*** Opening of Source data ***

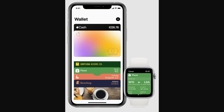The first thing we will need to do is open up the Apple Wallet app, and once you've done that it should look similar to what's on screen. From here you should be able to see this plus sign in the top right corner, and you're just going to go ahead and click on that.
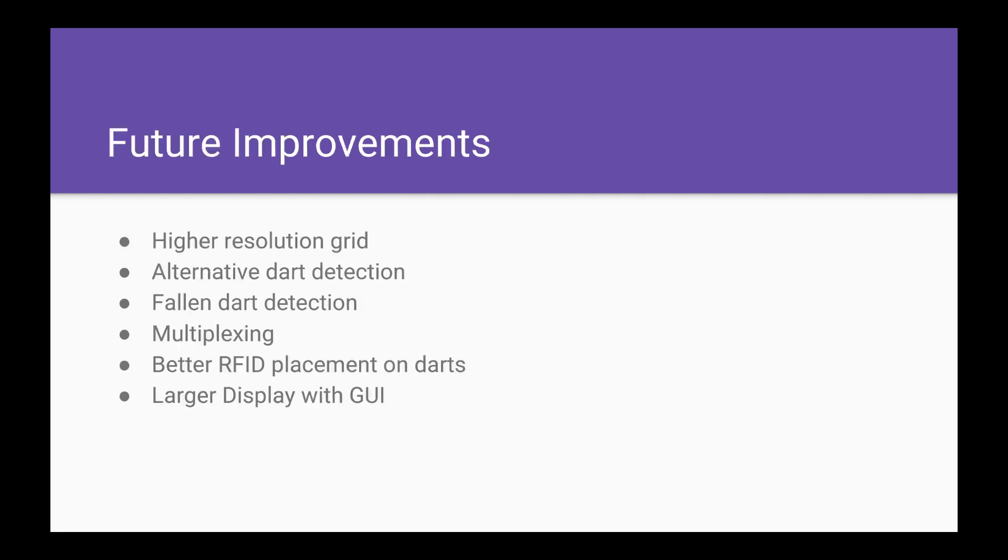Lastly, we would like to talk about the future improvements of this project. We could start with higher resolution grids, alternative dart detection using lasers for detection or acoustics, and better fallen dart detection.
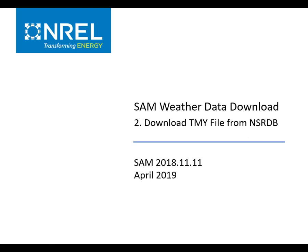In this video, I will demonstrate how to download a typical meteorological year, or TMY, file from the NREL National Solar Radiation Database, or NSRDB.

*** Close of Source data ***

▶ Exercise details
Leaving out the pictures, restate the listing above exactly.

▶ Response box
The first thing we will need to do is open up the Apple Wallet app, and once you've done that it should look similar to what's on screen. From here you should be able to see this plus sign in the top right corner, and you're just going to go ahead and click on that.
Lastly, we would like to talk about the future improvements of this project. We could start with higher resolution grids, alternative dart detection using lasers for detection or acoustics, and better fallen dart detection.
In this video, I will demonstrate how to download a typical meteorological year, or TMY, file from the NREL National Solar Radiation Database, or NSRDB.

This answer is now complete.